Since the beginning, the client has had support for a simple batch get command to allow multiple records (or bins within them) to be retrieved together based on a list of keys. Similarly, a batch command checks on the existence of multiple keys all at once from a specified list of keys.
Later the client added the ability to execute the same multioperation transaction against a list of keys in parallel, using the batch operate command, but limited the type of operations in the transaction to read-only ones.
With server 6.0, the addition of batch write commands (delete, operate transactions without restrictions on write operations) completes the ability of a developer to batch anything in their application — reads, writes, updates, deletes or user-defined functions (UDFs). Logically related operations can be sent all at once to the database cluster.

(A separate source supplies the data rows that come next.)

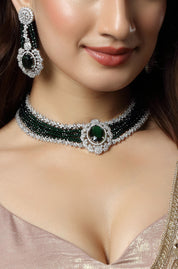 AD Rhodium Plated Emerald Green American Diamond Studded Necklace
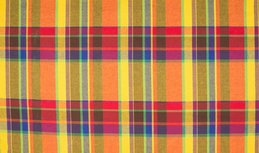 Katoen Madras geruit - Geel bruin paars Katoen Madras geruit - Geel bruin paars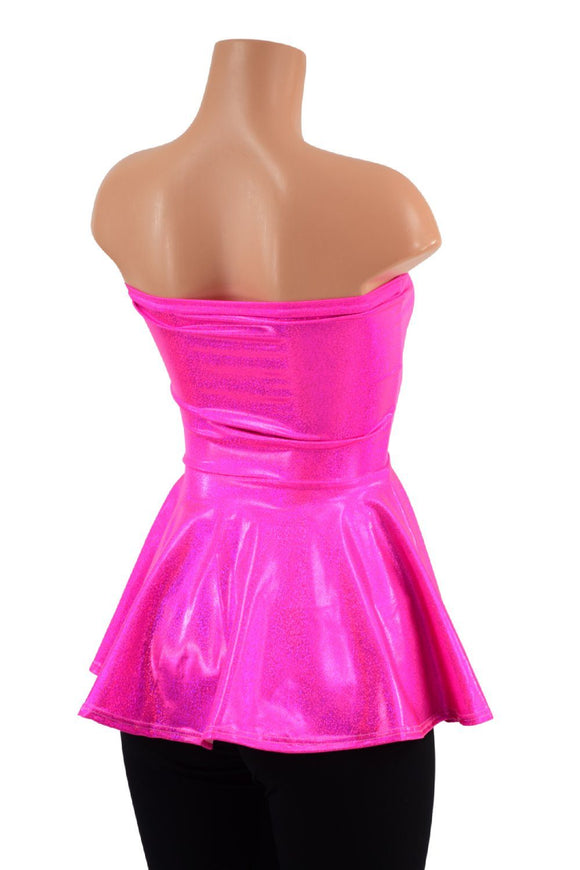 Neon Pink Sparkly Jewel Laceup Peplum Top - Coquetry Clothing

Batch writes are more efficient than asynchronously launching a series of commands at the server. Using batch:
- Reduces the round-trip time (RTT) needed to complete all the operations, lowering the overall latency.
- Reduces network traffic, using fewer connections and combining operations into fewer IP packets.

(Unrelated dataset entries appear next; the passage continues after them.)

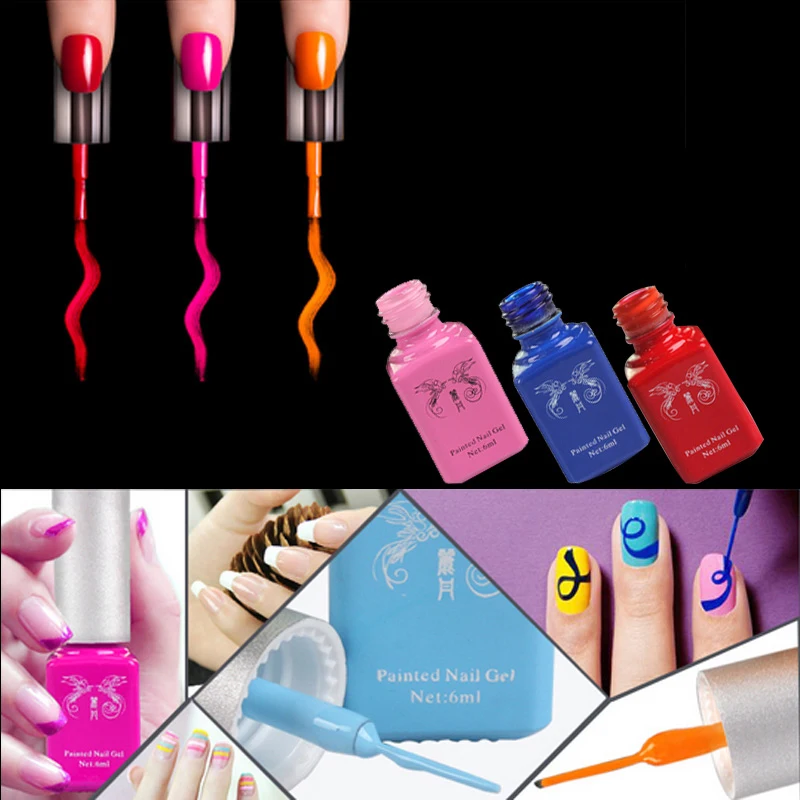 

2016 New Trend 6ml UV Gel Nail Polish Nail Gel Liner Painting Nail Gel Dotting Tool DIY Nail Art Decoration Drawing Pen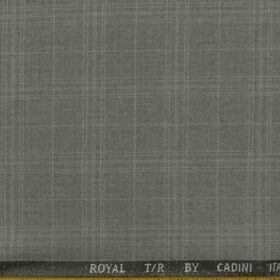 Cadini Men's Terry Rayon Checks 3.75 Meter Unstitched Suiting Fabric (Worsted Grey)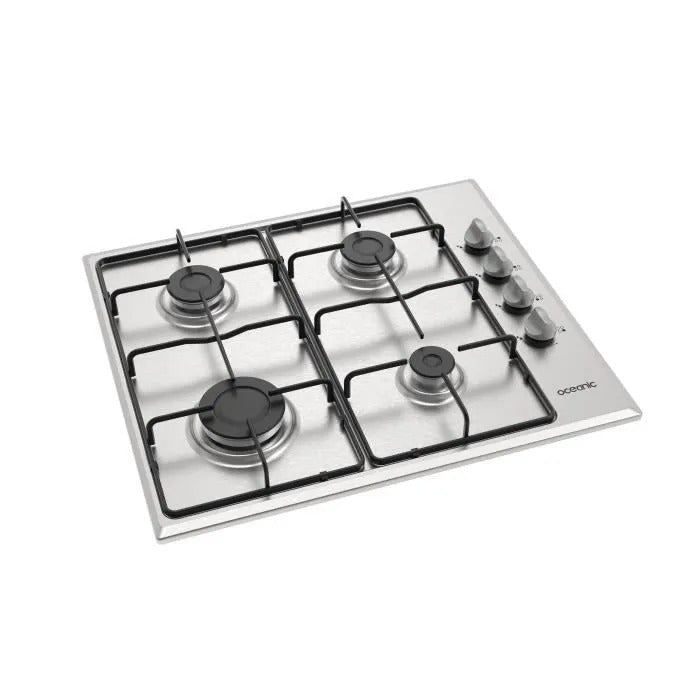 OCEANIC Gas Hob - 4 Burners - 60 x 51 cm - Stainless Steel 4-burner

- Improves parallelization, supporting faster data ingest.
Developers of applications used in heavy writes or mixed workloads should consider converting from async writes to batch for better performance and a more stable cluster.
Server 6.0 adds three new granular privileges for role-based access control:
- The index-admin privilege grants a user the ability to add and drop secondary indexes.
- The udf-admin privilege grants users the ability to add and remove UDF modules.
Previously these privileges were only available through the data-admin privilege, which some users were reluctant to grant widely. The truncate privilege is now a standalone privilege and no longer a part of the write privilege. Users representing applications that perform truncates should be granted the truncate privilege to one of their roles.
The breaking changes in server version 6.0 include:
- A storage format change (the addition of a 4-byte end marker to each record) requires that persistent storage devices (with the exception of PMEM) be erased as part of the upgrade. The header (first 8MiB) of raw SSD devices must be zeroized. See SSD Initialization.
- Several configuration parameters have been renamed or removed:
- A small number of configuration parameters have been renamed.
- scan-max-done to query-max-done
- scan-threads-limit to query-threads-limit
- background-scan-max-rps to background-query-max-rps
- single-scan-threads to single-query-threads
- The following query configuration parameters were removed.
- The batch-without-digests configuration parameter was removed.
- A small number of configuration parameters have been renamed.
- The truncate privilege needs to be granted to applications using truncates. It is no longer part of the write privilege.
- The long-deprecated Predicate Filtering (PredExp) was removed. Use Filter Expressions.
- The “scan” module of the jobs: info command has been removed. Use the “query” module instead.
- Be aware that scan- and query-related metrics have changed. We will publish a separate blog to detail these changes.
- The jobs: info command, initially deprecated in server 5.7, is scheduled to be removed after six more months. Use query-show.
- The scan-show info command is now deprecated. Use query-show.
- The scan-abort info command is now deprecated. Use query-abort.
- The scan-abort-all command is now deprecated. Use query-abort-all.